Mahal Baloch, Baloutche de 28 ans, élève seule ses deux filles, âgées de cinq et huit ans, depuis le décès de son mari en 2016. Bibi Gul, la belle-sœur de Mahal, est la fondatrice et présidente de l’Organisation baloutche des droits humains, qui recense les atteintes à ces droits dans la province du Baloutchistan. Sa famille comptant plusieurs militant·e·s, Mahal a participé à un certain nombre de manifestations, en particulier contre les disparitions forcées, véritable fléau au Baloutchistan. Amnesty International a précédemment constaté que les disparitions forcées d’étudiant·e·s, de militant·e·s, de journalistes et de défenseur·e·s des droits humains se poursuivent sans relâche dans cette province.
Le 17 février à 23 heures, 12 membres des forces de sécurité ont effectué une descente au domicile de Mahal Baloch. Ces agents n’ont pas présenté de mandat ni aucun autre document judiciaire ni avant ni pendant le raid. Après cette descente illégale, Mahal Baloch, sa mère, sa belle-sœur, sa nièce (âgée de 12 ans), et ses deux filles (de huit et cinq ans) ont été forcées à monter à bord de deux voitures, et emmenées au bureau du service de lutte contre le terrorisme (CTD) de la police, sur Spinney Road à Quetta.

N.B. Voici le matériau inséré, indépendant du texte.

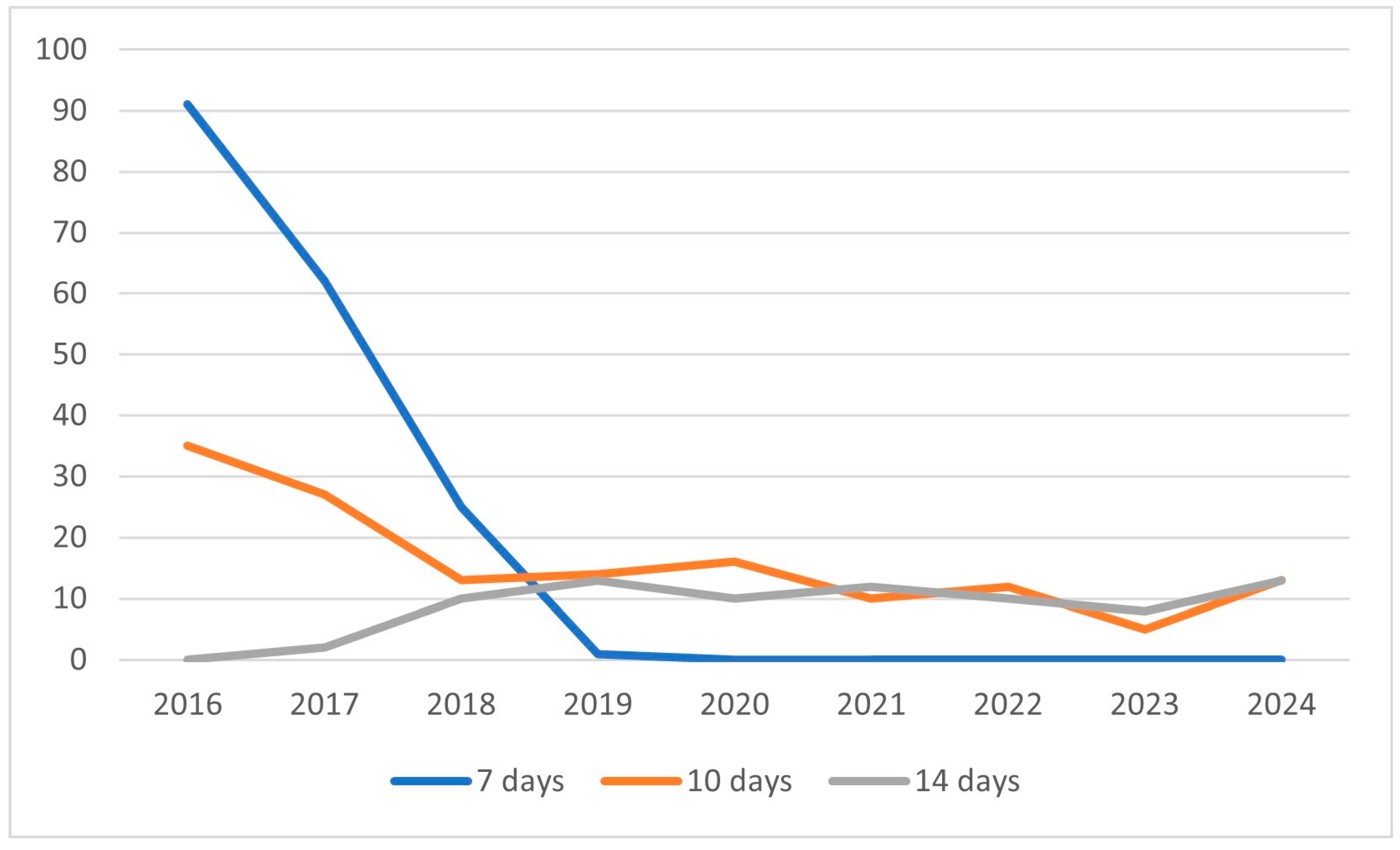 Antibiotics 14 00870 g003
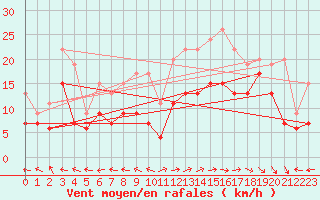 Courbe de la force du vent pour Ajaccio - La Parata (2A)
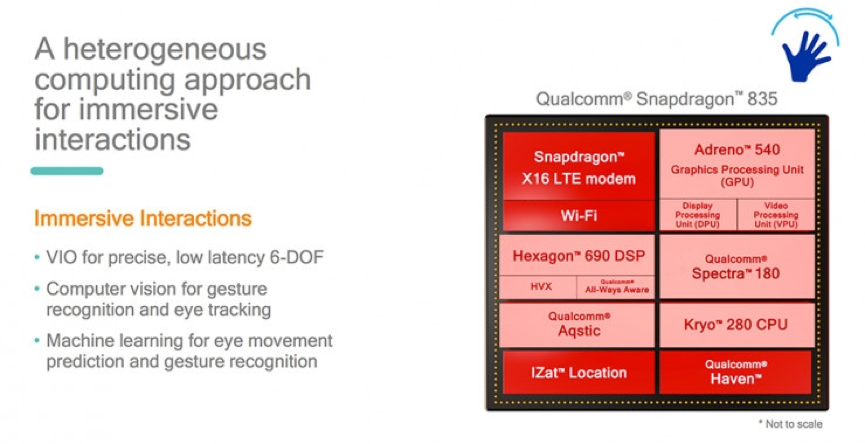 整合厉动手势追踪：Qualcomm 高通 推出 骁龙835 VR一体机方案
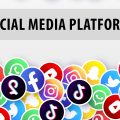Different Types of Social Media Platforms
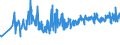 KN 40103300 /Exporte /Einheit = Preise (Euro/Tonne) /Partnerland: Estland /Meldeland: Eur27_2020 /40103300:Treibriemen mit Trapezförmigem Querschnitt `keilriemen` aus Vulkanisiertem Kautschuk, Endlos, V-artig Gerippt, mit Einem äußeren Umfang von > 180 cm bis 240 Cm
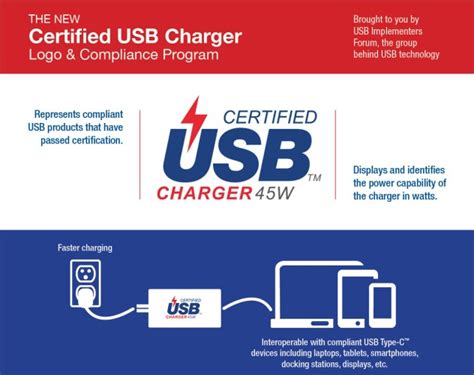 There's Finally a Certification Program For USB Chargers | Digital Trends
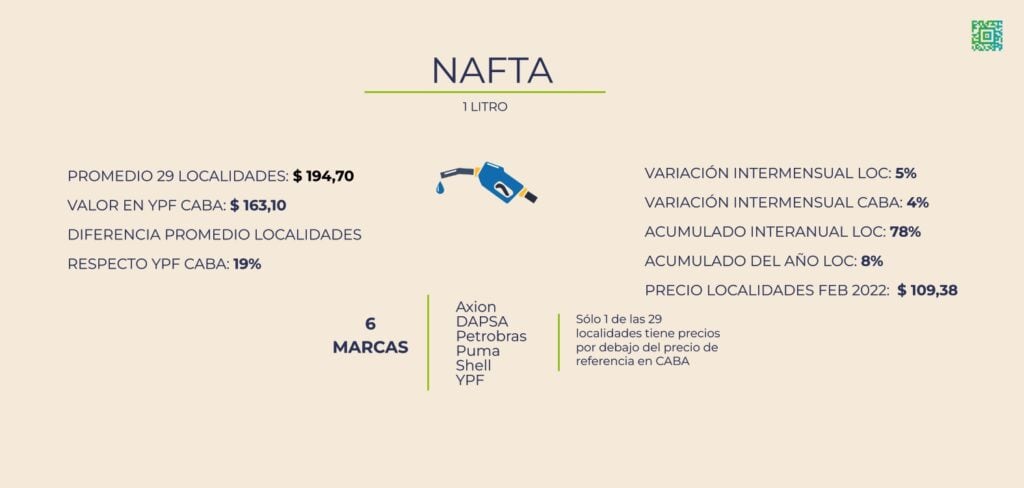 La diferencia de la nafta en diferentes partes del país.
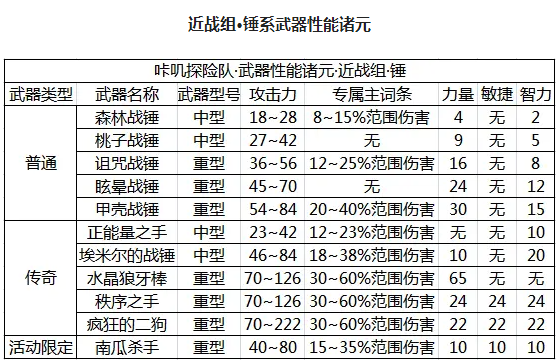 咔叽探险队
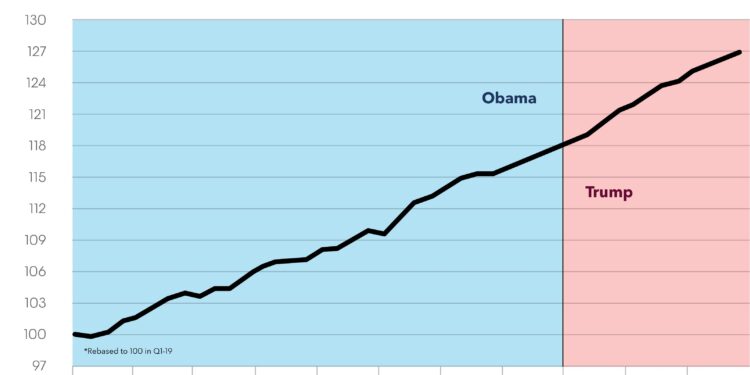 Americans remain wary of Trump’s handling of the economy, new poll shows – Politico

Mahal a été séparée du reste de la famille dans les véhicules et au siège du CTD. La nièce de la jeune femme a déclaré au Conseil des droits humains du Baloutchistan que pendant leur détention, elles pouvaient entendre Mahal hurler durant son interrogatoire.
Selon le Conseil des droits humains du Baloutchistan, le 18 février, ses parentes ont été libérées et déposées dans une zone isolée où elles ont dû marcher entre 30 et 45 minutes avant de trouver des moyens de transport leur permettant de rentrer chez elles. Ce jour-là, Mahal a comparu devant le tribunal antiterroriste sans que sa famille n’en soit informée. Le tribunal antiterroriste a autorisé le maintien de Mahal Baloch en détention provisoire pendant sept jours. Le tribunal a ensuite prolongé sa détention le 24 février et le 4 mars. Le 14 mars, Mahal a été conduite devant le tribunal de grande instance, qui a prolongé sa détention de 10 jours supplémentaires. Bien qu’elle ait comparu quatre fois, le CTD n’a toujours pas inculpé Mahal Baloch.
La crise des droits humains au Balouchistan se poursuit, et selon certaines informations, les forces de sécurité soumettent à des disparitions forcées et à des exécutions extrajudiciaires des militant·e·s baloutches présumés et des militant·e·s de l’opposition accusés d’activités terroristes par les autorités. Amnesty International ne prend pas position sur la culpabilité ou l’innocence des personnes soupçonnées d’avoir pris part à des attaques qualifiées d’actes de terrorisme par les gouvernements. Cependant, toute personne doit pouvoir exercer l’ensemble des droits humains garantis par le droit national et international.
Amnesty International dénonce les attaques menées sans discrimination et les attaques visant des personnes civiles qui sont perpétrées par des groupes armés, et reconnaît pleinement que les autorités pakistanaises ont pour devoir de prévenir et de réprimer les infractions, y compris les crimes violents tels que les actes de terrorisme, et de traduire en justice les auteurs présumés de tels crimes. Toutefois, en soumettant à des disparitions forcées des personnes soupçonnées d’activités terroristes ou de liens avec des groupes terroristes, le Pakistan a non seulement gravement bafoué leurs droits humains, mais également manqué à son devoir d’inculper et de juger ces personnes dans le cadre d’un procès équitable.